Dit boek is de eerste stap op weg naar de gemeenschappelijke taal die Hoekstra (een van de essayisten) zo belangrjk vindt. Ik ken in ieder geval geen ander boek wat zo’n goed overzicht geeft van alle initiatieven en visies op een betere maatschappij. Wat prettig is, is dat vrijwel elke schrijver voor diens essay heeft geput uit eigen werk, ze hebben allemaal een boek (of meer) geschreven waarin je de gedachten nog eens goed kunt nalezen. Wat niet zo fijn is, is dat je TBR direct 24 boeken langer is, ha ha!
Elke schrijver heeft zijn/haar eigen schrijfstijl, bij de een levert dat lange, (voor mij) best moeilijke zinnen op (de eerste zin uit Ecofeministische economie telt 9 regels …), bij de ander is dat een bijna poëtische formulering, en bij weer een ander is het typisch direct taalgebruik (een Nederlander …). Het benadrukt de gevarieerde inhoud van dit boek en de verschillende nationaliteiten en achtergronden van de schrijvers.

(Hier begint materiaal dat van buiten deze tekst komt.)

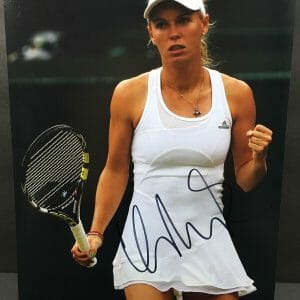 CAROLINE WOZNIACKI SIGNED AUTO 8X10 PHOTO TENNIS WIMBLEDON FRENCH OPEN US COA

De opbouw van het boek is heel fijn. Het begint met de (voor mij wat taaie) economische theorie, wordt dan steeds concreter en praktischer en ook exotischer. Het einde vond ik echt een climax: over de oorspronkelijke bewoners, hoe zij met de aarde omgingen, en hoe wij het allemaal beter wisten toen wij hun leefgebied koloniseerden. Not.
Voor jou?
Ik lees best veel over Duurzaamheid, en ook wat over Betekeniseconomie, maar had niet de indruk dat ik al goed ingevoerd was. En dat blijkt te kloppen. Na het lezen van deze mooie verzameling van verschillende inzichten, weet ik weer meer, maar ook dat er nog heel veel is om me in te verdiepen. Het is nuttig om te weten welke kant het op kan gaan, en ook geeft het hoop. Zoveel inspirerende inzichten, daar moet toch een oplossing uit te destilleren zijn? En het activeert. Want nietsdoen is geen optie. Daar zijn de schrijvers het wél over eens!
Dank aan Kees Klomp En Shinta Oosterwaal voor het samenstellen van dit pareltje.